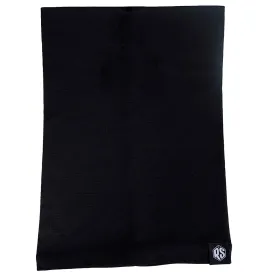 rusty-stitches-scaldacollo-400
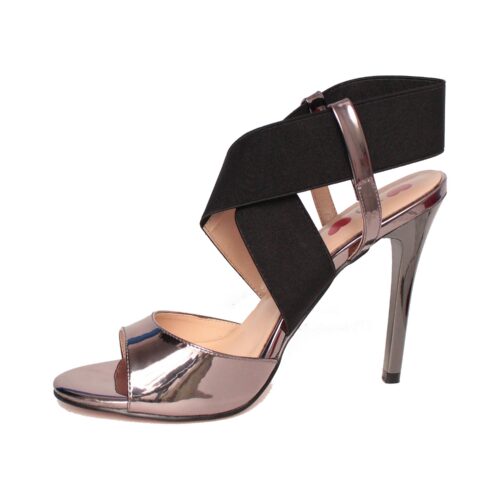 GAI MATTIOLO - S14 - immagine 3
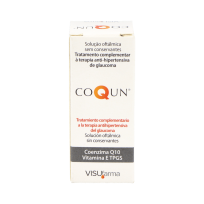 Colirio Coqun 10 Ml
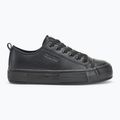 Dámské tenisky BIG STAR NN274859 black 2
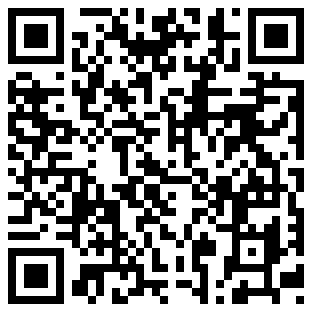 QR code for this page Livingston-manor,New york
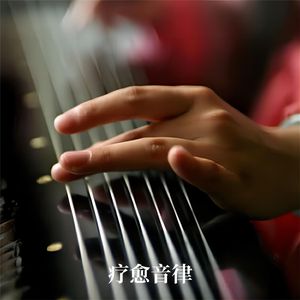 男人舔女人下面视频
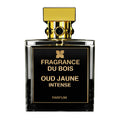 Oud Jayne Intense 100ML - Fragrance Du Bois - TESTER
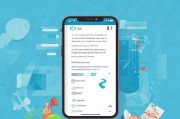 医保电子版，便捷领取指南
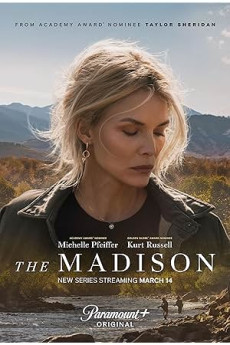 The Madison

• • • • •

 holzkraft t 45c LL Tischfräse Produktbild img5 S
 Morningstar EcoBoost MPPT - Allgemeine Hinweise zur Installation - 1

• • • • •

### What you are asked to do
With the pictures removed from your copy, retype the lines above from the one that contains "rusty-stitches-scaldacollo-400" through the one that contains "The Madison", exactly.

### Response for this exercise
 rusty-stitches-scaldacollo-400
 GAI MATTIOLO - S14 - immagine 3
 Colirio Coqun 10 Ml
 Dámské tenisky BIG STAR NN274859 black 2
 QR code for this page Livingston-manor,New york
 男人舔女人下面视频
 Oud Jayne Intense 100ML - Fragrance Du Bois - TESTER
 医保电子版，便捷领取指南
 The Madison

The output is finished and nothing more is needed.